At the Brunnier Art Museum
Ann Brunnier Decorative Arts Gallery
Wednesday, September 8, 2021 to Friday, July 1, 2022
Studio glass in the United States is a relatively young artistic medium. Prior to the 1960s, glass could only be made in industrial or manufactory settings. The idea of an artist having a furnace and the skills to work with molten glass in their personal studios was impossible. Harvey K. Littleton, a ceramics professor at the University of Wisconsin – Madison and son of a Corning Glass Works physicist, believed it was possible to develop glass into an artistic medium akin to the burgeoning studio pottery movement he was witnessing at the time. After a visit to Europe in 1957 where he saw glass made on a smaller scale and while trying to blow glass himself in traditional Venetian glass houses on the island of Murano, he was convinced he could make studio glass a successful option for artists in America.

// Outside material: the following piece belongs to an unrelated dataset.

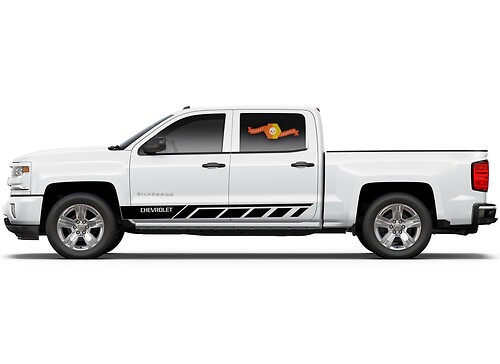 Chevrolet Silverado mk3 Seitenstreifen-Grafikaufkleber Aufkleber Türverkleidung Aufkleber Aufkleber schwarzes Vinyl 2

In 1962, Littleton led two experimental glassblowing workshops with a small group of invited graduate students at the Toledo Museum of Art. He also included his friend Dominick Labino, an accomplished engineer and inventor who had worked at multiple glass manufactories and at the time specifically with fiberglass. Labino also experimented with building his own glass furnaces and blowing glass himself. It was Labino who helped solve initial issues at the workshop by modifying the furnace and suggesting the use of specific fiberglass marbles rather than the glass batch they were attempting to use. The workshop was a success, glass could be blown outside of an industrial setting, and the exuberance and excitement gave great momentum to the development of American studio glass.

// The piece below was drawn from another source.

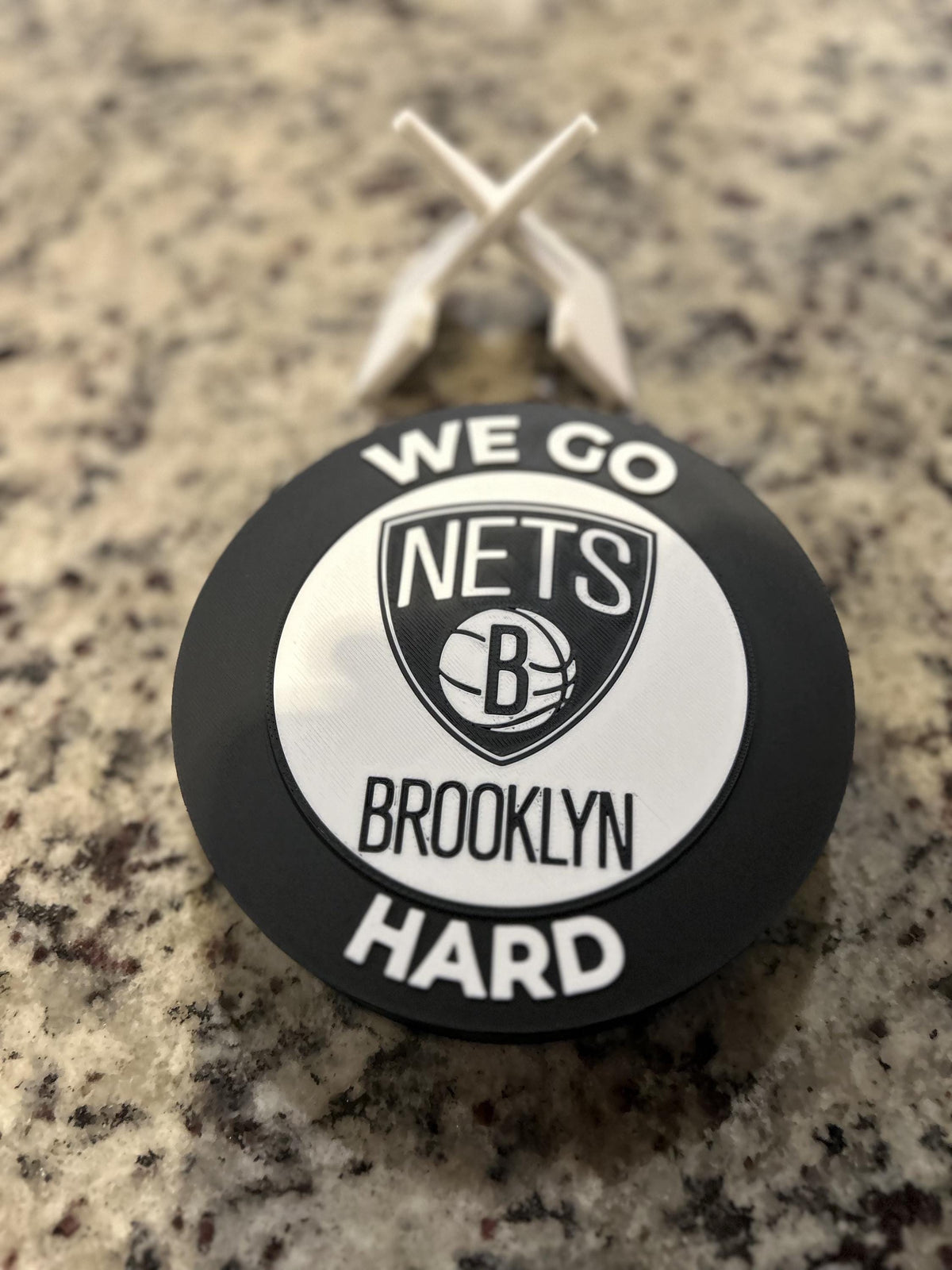 Brooklyn Nets 3D printed black and white roundel display with leg stand and hidden stash box, personalized NBA basketball fan gift, made in USA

Littleton went on to begin the glass program at the University of Wisconsin – Madison, which included three students all represented in this exhibition – Dale Chihuly, Marvin Lipofsky, and Fritz Driesbach. Littleton’s students were encouraged to work freely with glass in a way never thought possible and he pushed those students to begin programs at other American colleges and universities. Shortly thereafter, the ability to work with glass in a studio environment was being taught, disseminated, and spread to artists and students across the country. Many of those students became recognized artists and passed along their knowledge to the next generation of gaffers. These new studio glass artists, just as Littleton had, began to look to the glassmakers in Italy, Germany, Czechoslovakia, and Scandinavia. From those international artists they learned skills and techniques that had been passed down through generations, along with gaining exposure to glass artists taking traditional techniques to revolutionize contemporary glass.

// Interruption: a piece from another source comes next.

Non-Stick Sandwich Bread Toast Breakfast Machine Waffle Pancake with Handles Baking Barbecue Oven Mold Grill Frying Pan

Today, glass is a recognized artistic medium, one that continues to be highly experimental and innovative. Working with glass is unique; the inherent malleability of glass gives rise to great ingenuity, but it also takes understanding of the properties of the material. This allows for great collaboration in glass as artists work together to create objects and art, to learn how to work properly and safely with glass, and to develop wholly new ways of working with this unique material. In just 60 years, glass has revolutionized the world of art and it continues to create excitement each time an artist steps up to the furnace for the first time.
On exhibition is a selection of studio glass and artistic glass from the University Museums’ permanent collection, charting the early glass artists in America, to examples made in European manufactories, and works of art being created by some of the best-known glass artists today.
TOP IMAGE 180 Degree Rotation, Red, 1980 by Harvey K. Littleton. Blown and formed glass. This work of art was purchased with monies donated to the Kenneth Schumacher Memorial Fund with additional acquisition funding provided by Arthur Klein, Rachel Flint, and the generosity and support of Maurine Littleton.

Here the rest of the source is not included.